In the face of the limitations of the treatment for cerebral hemorrhage, traditional Chinese medicine (TCM) is increasingly used to treat cerebral hemorrhage.[11,12] According to the theory of traditional Chinese medicine, “abnormal flow of the blood is stasis,” so stasis occurs throughout the pathological process of cerebral hemorrhage. Therefore, the key to the treatment of cerebral hemorrhage is activating blood and removing stasis. At present, there are studies focusing on the therapeutic effect of activating blood and removing stasis, but there is still a lack of high-quality clinical research on the treatment of acute cerebral hemorrhage.

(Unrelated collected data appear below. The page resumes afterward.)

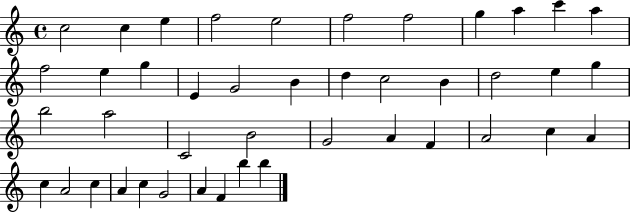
C5/h C5/q E5/q F5/h E5/h F5/h F5/h G5/q A5/q C6/q A5/q F5/h E5/q G5/q E4/q G4/h B4/q D5/q C5/h B4/q D5/h E5/q G5/q B5/h A5/h C4/h B4/h G4/h A4/q F4/q A4/h C5/q A4/q C5/q A4/h C5/q A4/q C5/q G4/h A4/q F4/q B5/q B5/q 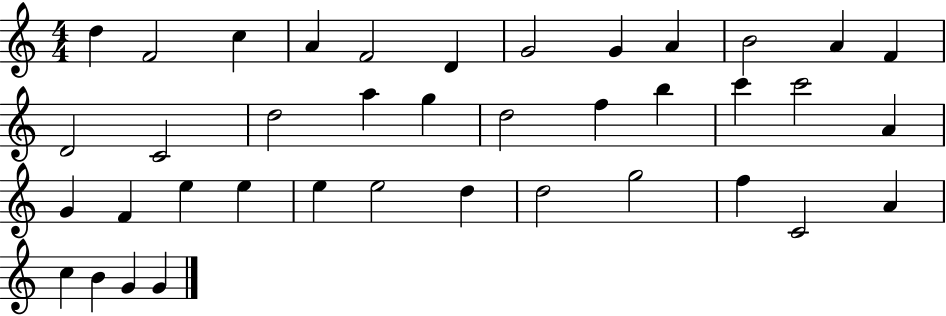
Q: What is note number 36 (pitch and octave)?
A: C5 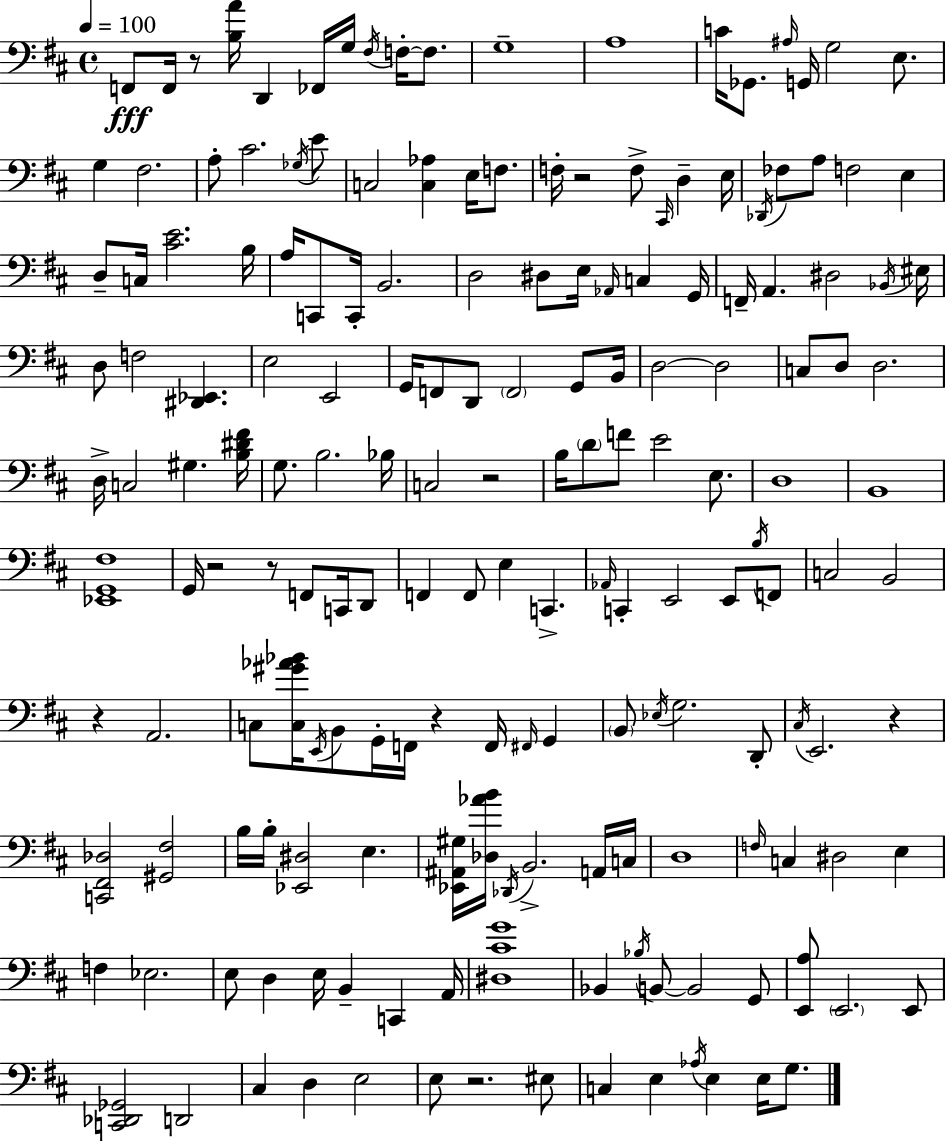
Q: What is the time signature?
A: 4/4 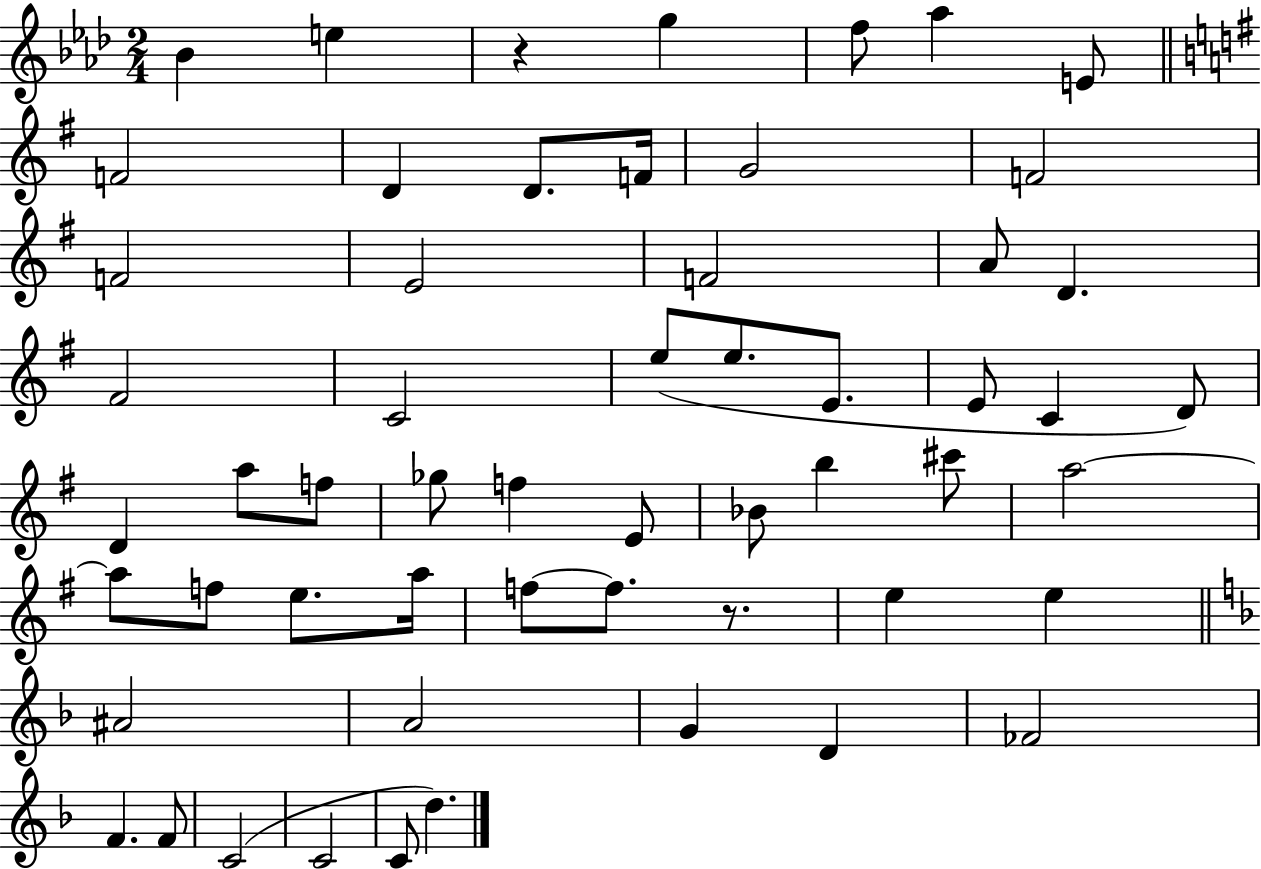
Bb4/q E5/q R/q G5/q F5/e Ab5/q E4/e F4/h D4/q D4/e. F4/s G4/h F4/h F4/h E4/h F4/h A4/e D4/q. F#4/h C4/h E5/e E5/e. E4/e. E4/e C4/q D4/e D4/q A5/e F5/e Gb5/e F5/q E4/e Bb4/e B5/q C#6/e A5/h A5/e F5/e E5/e. A5/s F5/e F5/e. R/e. E5/q E5/q A#4/h A4/h G4/q D4/q FES4/h F4/q. F4/e C4/h C4/h C4/e D5/q. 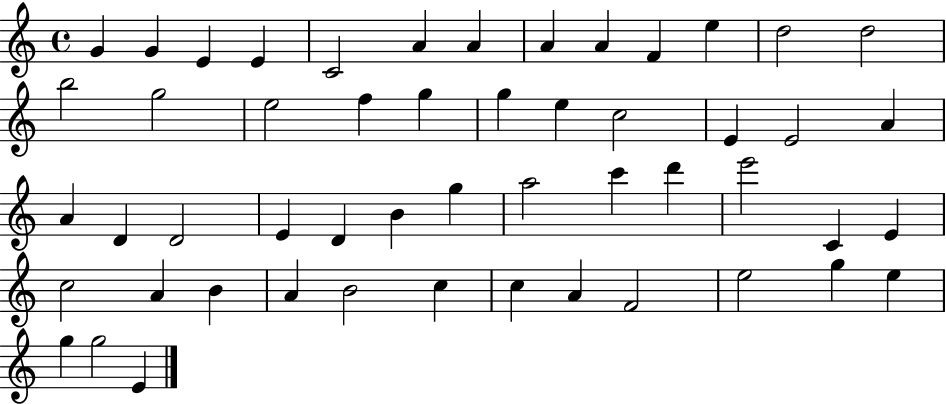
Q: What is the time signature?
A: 4/4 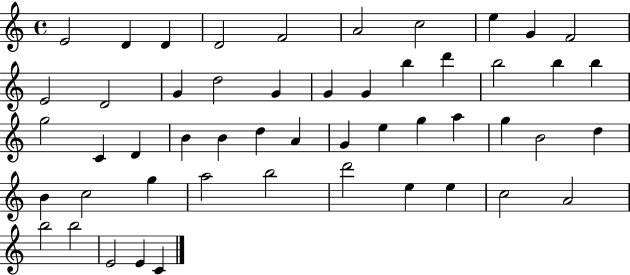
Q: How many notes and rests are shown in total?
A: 51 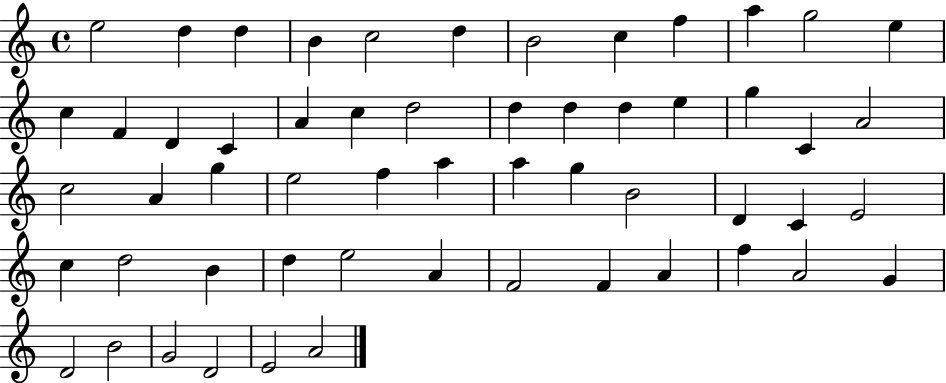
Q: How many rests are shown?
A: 0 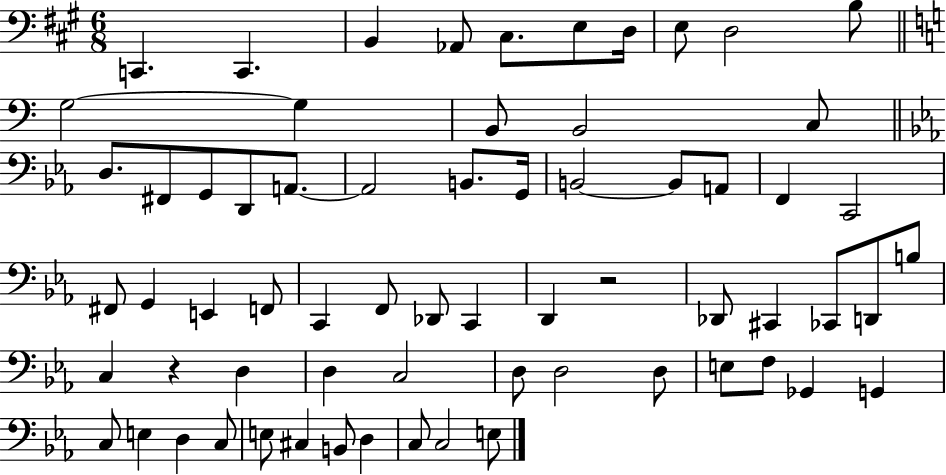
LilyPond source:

We designed a multicenter, prospective, randomized, double-blind, parallel controlled clinical trial to evaluate the optimal intervention time, efficacy and safety of the activating blood, and removing stasis method for acute cerebral hemorrhage within 24 to 72 hours after onset.
2. Methods and design
2.1. Study design and setting
The study is a multicenter, prospective, randomized, double-blind, placebo-controlled clinical trial. Participants will be randomly assigned to the activating blood and removing stasis (ABRS) granule group or placebo group. Group allocation ratio is 1:1. The patients were stratified according to the time of enrollment. Patients who enrol within 24 to 48 hours after onset will enter strata A, and patients who enrol within 49 to 72 hours (including 48–49 hours) after onset will enter strata B. The strata sample size ratio is 1:1. Participants will receive ABRS granules in addition to routine treatment or placebo in addition to routine treatment. The treatment cycle is 14 days. The primary outcome is disability degree (modified Rankin scale score). This study is reported in accordance with the Standard Protocol Items: Recommendations for Interventional Trial (SPIRIT) guidelines.[13] The study flow chart is shown in Fig. 1.
Figure 1.

Study design diagram. BI = Barthel index, mRS = modified Rankin scale, NIHSS = National Institutes of Health stroke scale, TCM = traditional Chinese medicine, TCM = traditional Chinese medicine.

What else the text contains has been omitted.